### Task to carry out
Your answer should be the lines from the start of the records through the line with "Enjoy a hydrating", copied word for word.

### Data in this exercise
BEGIN

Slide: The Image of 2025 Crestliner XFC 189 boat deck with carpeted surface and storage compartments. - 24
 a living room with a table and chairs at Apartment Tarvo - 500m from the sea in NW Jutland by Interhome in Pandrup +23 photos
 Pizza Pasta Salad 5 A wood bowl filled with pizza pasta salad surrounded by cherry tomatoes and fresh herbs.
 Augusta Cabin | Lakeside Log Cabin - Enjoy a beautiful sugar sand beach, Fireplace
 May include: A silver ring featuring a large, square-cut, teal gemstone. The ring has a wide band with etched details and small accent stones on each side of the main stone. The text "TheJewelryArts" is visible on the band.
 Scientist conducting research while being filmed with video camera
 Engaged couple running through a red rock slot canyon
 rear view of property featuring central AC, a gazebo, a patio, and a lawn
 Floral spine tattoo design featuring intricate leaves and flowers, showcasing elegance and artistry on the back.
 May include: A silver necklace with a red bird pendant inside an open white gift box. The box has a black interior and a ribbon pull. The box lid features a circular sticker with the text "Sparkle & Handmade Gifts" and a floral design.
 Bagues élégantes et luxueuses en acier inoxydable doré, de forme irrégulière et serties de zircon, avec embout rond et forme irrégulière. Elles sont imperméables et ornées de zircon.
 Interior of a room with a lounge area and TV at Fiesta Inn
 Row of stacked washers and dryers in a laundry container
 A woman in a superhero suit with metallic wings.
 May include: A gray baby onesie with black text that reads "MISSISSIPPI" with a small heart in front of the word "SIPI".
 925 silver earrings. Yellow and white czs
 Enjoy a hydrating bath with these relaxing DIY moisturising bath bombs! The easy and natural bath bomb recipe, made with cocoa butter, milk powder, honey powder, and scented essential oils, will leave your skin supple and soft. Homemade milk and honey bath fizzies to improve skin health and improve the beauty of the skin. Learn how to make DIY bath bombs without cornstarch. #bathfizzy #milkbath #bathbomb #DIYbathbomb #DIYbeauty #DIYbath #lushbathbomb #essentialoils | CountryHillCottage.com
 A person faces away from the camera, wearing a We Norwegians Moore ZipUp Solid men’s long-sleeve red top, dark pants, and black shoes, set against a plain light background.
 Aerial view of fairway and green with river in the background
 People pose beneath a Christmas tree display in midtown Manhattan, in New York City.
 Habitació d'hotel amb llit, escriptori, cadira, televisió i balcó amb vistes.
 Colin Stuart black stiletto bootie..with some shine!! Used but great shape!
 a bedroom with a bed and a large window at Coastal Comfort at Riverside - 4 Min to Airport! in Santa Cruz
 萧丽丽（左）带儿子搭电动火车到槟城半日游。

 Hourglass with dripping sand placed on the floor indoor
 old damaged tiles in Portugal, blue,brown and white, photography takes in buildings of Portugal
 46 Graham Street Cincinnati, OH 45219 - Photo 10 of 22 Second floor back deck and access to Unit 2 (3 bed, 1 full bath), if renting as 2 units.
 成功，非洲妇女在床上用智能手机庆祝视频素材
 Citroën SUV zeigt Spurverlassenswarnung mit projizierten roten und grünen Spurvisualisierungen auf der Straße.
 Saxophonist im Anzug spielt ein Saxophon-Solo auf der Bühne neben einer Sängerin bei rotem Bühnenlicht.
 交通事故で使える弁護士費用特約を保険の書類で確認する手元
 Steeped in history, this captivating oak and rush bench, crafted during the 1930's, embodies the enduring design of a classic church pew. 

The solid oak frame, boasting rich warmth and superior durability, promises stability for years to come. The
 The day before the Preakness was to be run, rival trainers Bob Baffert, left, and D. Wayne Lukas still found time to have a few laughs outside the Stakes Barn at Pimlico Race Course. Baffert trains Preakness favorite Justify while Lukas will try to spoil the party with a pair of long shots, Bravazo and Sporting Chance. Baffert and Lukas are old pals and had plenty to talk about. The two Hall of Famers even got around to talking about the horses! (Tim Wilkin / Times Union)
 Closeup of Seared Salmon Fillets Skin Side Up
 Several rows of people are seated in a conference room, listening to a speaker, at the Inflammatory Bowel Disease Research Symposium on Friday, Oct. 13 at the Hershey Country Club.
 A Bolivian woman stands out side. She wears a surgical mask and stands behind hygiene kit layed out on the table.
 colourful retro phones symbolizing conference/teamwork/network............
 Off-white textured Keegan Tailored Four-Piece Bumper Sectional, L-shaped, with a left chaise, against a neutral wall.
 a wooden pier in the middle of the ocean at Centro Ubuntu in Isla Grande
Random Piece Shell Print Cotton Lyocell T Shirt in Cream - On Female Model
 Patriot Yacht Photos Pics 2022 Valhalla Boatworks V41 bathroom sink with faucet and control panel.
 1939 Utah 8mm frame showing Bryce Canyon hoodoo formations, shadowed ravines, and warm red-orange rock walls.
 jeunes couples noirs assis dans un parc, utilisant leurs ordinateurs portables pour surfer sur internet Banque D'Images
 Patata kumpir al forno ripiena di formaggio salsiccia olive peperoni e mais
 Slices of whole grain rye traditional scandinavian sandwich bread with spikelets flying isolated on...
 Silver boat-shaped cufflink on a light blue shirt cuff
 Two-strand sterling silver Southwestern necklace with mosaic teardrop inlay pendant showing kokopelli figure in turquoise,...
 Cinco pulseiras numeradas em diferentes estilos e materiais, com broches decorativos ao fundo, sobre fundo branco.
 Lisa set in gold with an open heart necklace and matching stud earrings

END

### Solution to this problem
Slide: The Image of 2025 Crestliner XFC 189 boat deck with carpeted surface and storage compartments. - 24
 a living room with a table and chairs at Apartment Tarvo - 500m from the sea in NW Jutland by Interhome in Pandrup +23 photos
 Pizza Pasta Salad 5 A wood bowl filled with pizza pasta salad surrounded by cherry tomatoes and fresh herbs.
 Augusta Cabin | Lakeside Log Cabin - Enjoy a beautiful sugar sand beach, Fireplace
 May include: A silver ring featuring a large, square-cut, teal gemstone. The ring has a wide band with etched details and small accent stones on each side of the main stone. The text "TheJewelryArts" is visible on the band.
 Scientist conducting research while being filmed with video camera
 Engaged couple running through a red rock slot canyon
 rear view of property featuring central AC, a gazebo, a patio, and a lawn
 Floral spine tattoo design featuring intricate leaves and flowers, showcasing elegance and artistry on the back.
 May include: A silver necklace with a red bird pendant inside an open white gift box. The box has a black interior and a ribbon pull. The box lid features a circular sticker with the text "Sparkle & Handmade Gifts" and a floral design.
 Bagues élégantes et luxueuses en acier inoxydable doré, de forme irrégulière et serties de zircon, avec embout rond et forme irrégulière. Elles sont imperméables et ornées de zircon.
 Interior of a room with a lounge area and TV at Fiesta Inn
 Row of stacked washers and dryers in a laundry container
 A woman in a superhero suit with metallic wings.
 May include: A gray baby onesie with black text that reads "MISSISSIPPI" with a small heart in front of the word "SIPI".
 925 silver earrings. Yellow and white czs
 Enjoy a hydrating bath with these relaxing DIY moisturising bath bombs! The easy and natural bath bomb recipe, made with cocoa butter, milk powder, honey powder, and scented essential oils, will leave your skin supple and soft. Homemade milk and honey bath fizzies to improve skin health and improve the beauty of the skin. Learn how to make DIY bath bombs without cornstarch. #bathfizzy #milkbath #bathbomb #DIYbathbomb #DIYbeauty #DIYbath #lushbathbomb #essentialoils | CountryHillCottage.com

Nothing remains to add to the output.